It is definitely a catch 22. However, there is a list of accredited employers who can make offers to those without visas a lot more easily. look at: http://www.immigration.govt.nz/migr...tion/ToolboxLinks/AccreditedEmployersList.htm

If you are able to arrange a trip over and then approach some employers with the dates you will be there they will be a lot more willing to speak to you as you are showing you are serious!

Good luck

Chris


----------



## mikesurf (Nov 7, 2012)

My advice is to get yourself over there even if you are just on a tourist visa and then start looking for work. If an employer wants you it is all pretty straightforward and it is just a case of form filling etc. You will be taken on with a 2 year work visa. By the end of the work visa you will have NZ work experience and should hopefully have an employer who is willing to sponsor you to stay.
Good luck


----------



## tocker (Dec 11, 2012)

Hi mike, thanks for the advice! We have considered doing this but am a little nervous what with having a two year old in tow! Does anyone know if it's correct that you can't get a working holiday visa and bring a child? I'm being told conflicting information. Does anyone know much about the tauranga area and jobs,pay and housing? I was also reading somewhere the a child's schooling has to be paid for???


----------



## escapedtonz (Apr 6, 2012)

tocker said:


> Hi mike, thanks for the advice! We have considered doing this but am a little nervous what with having a two year old in tow! Does anyone know if it's correct that you can't get a working holiday visa and bring a child? I'm being told conflicting information. Does anyone know much about the tauranga area and jobs,pay and housing? I was also reading somewhere the a child's schooling has to be paid for???

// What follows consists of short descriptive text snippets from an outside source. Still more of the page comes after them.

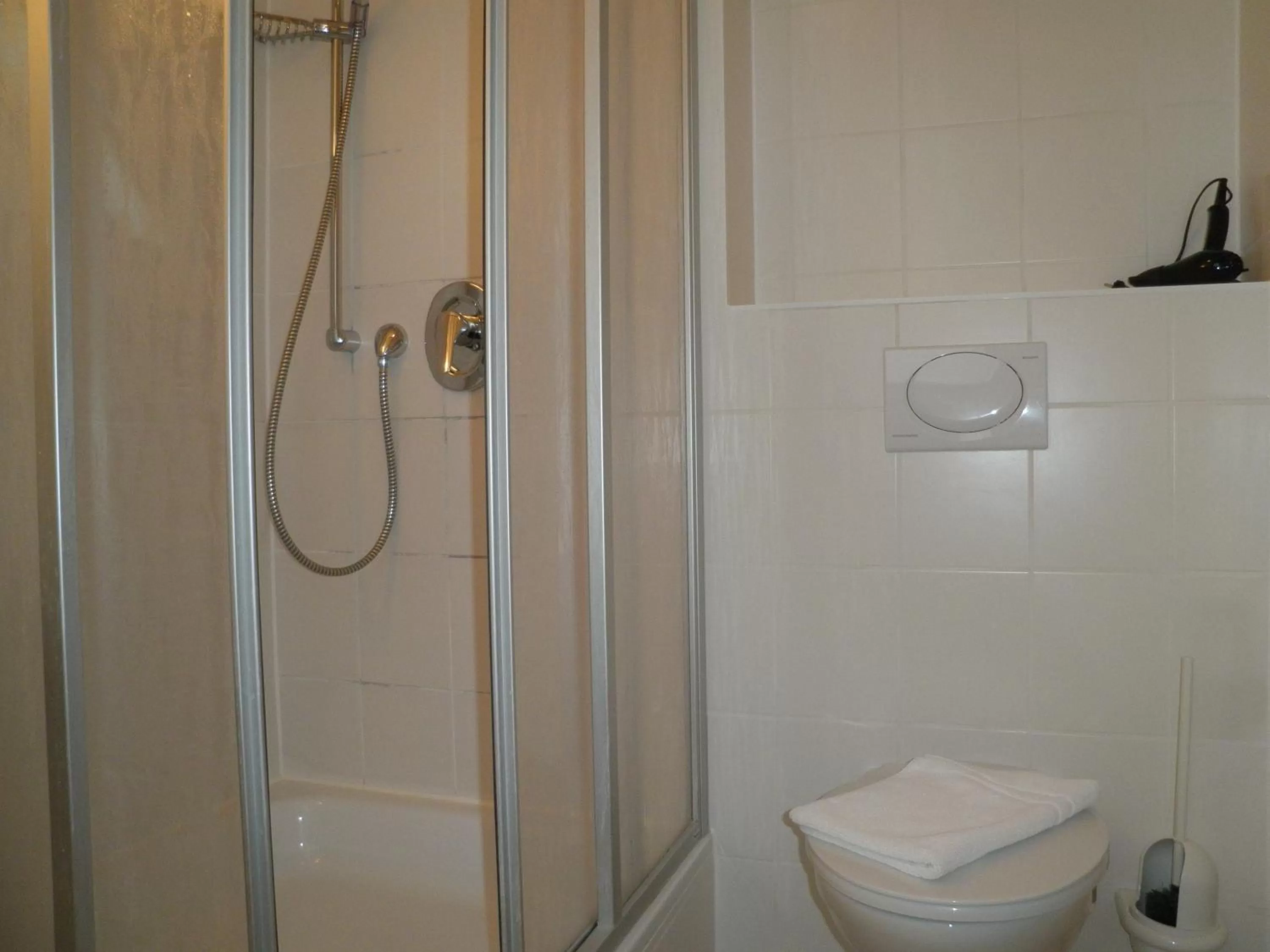 Bathroom in Hotel und Gasthof Ritter St. Georg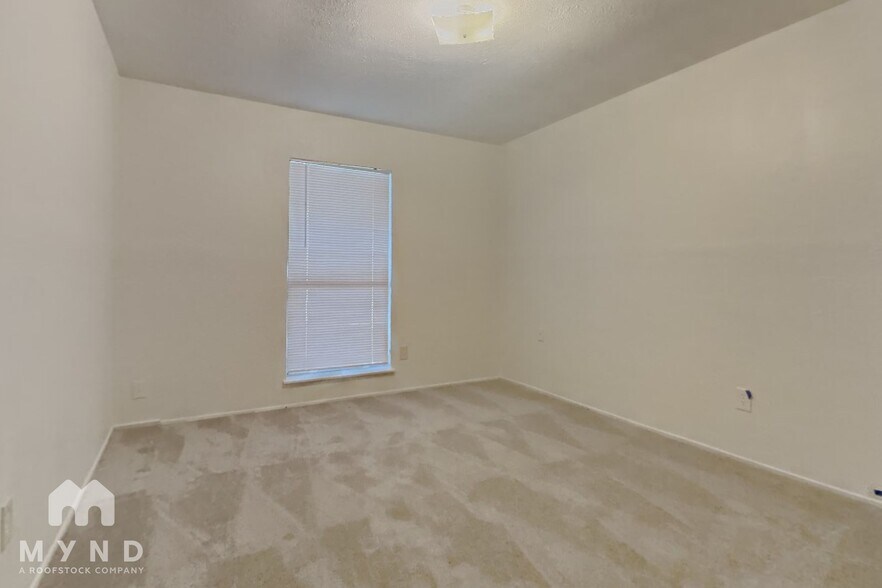 Building Photo - 14006 Pinewest Ct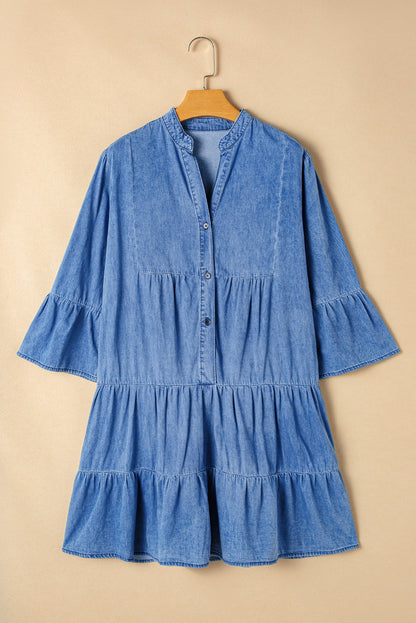 Himmel Blue Chambray-jurk met verzamelde 3/4 mouwen en spleet V-neckline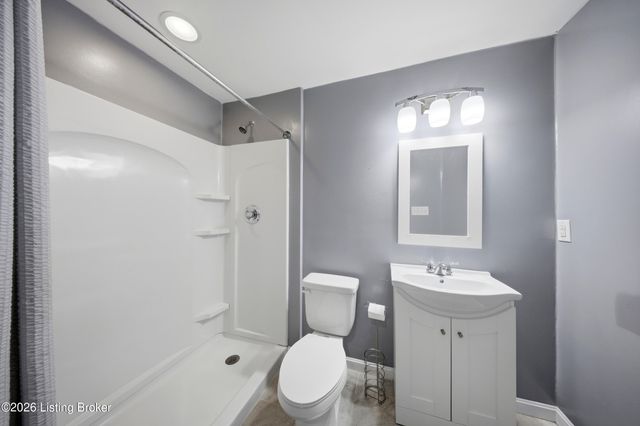 5111 Arbor Oak Ct, Louisville, KY 40229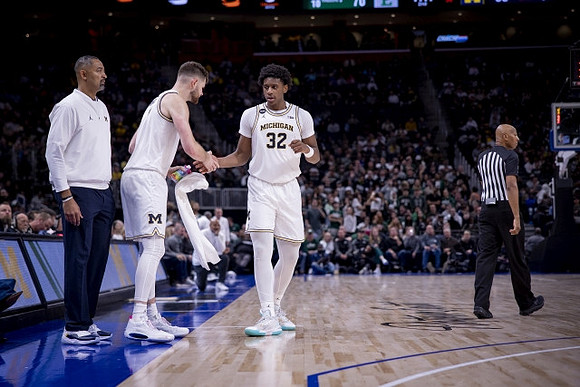 Juwan Howard, Hunter Dickinson (1), and Tarris Reed Jr. (32)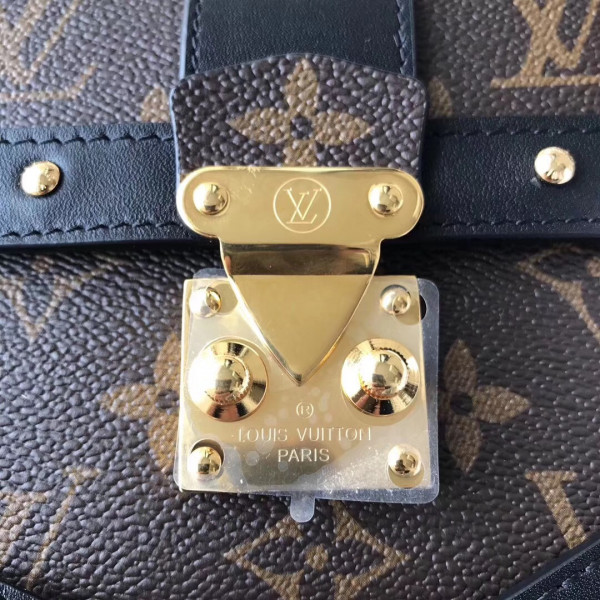 l**is V*t*n trunk clutch petite malle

Yeah you are nearly correct. From what I understand you can't get a working visa for a child or a child cannot be linked to a working visa but you can bring a child, however you have to find them a different visa and one that will remain valid for a sufficient period similar to your working visa. 
This usually rules out the visitor visa as they only last 6 or 9 months but can be increased to 12 months, although I've said on this forum in the past - can a small child hold a visitor visa on their own ?
Another one is a student visa but these may be for a child from school age ?
You really need to speak to INZ or search through the visa types and their rules on the Immigration website.

Yes it is correct that you as a parent must contribute to schooling if you don't hold Residency visas - I'm led to believe approx $1000-$1500 a year or maybe a term I'm not sure exactly.
Maybe someone else can give you up to date advice ?


----------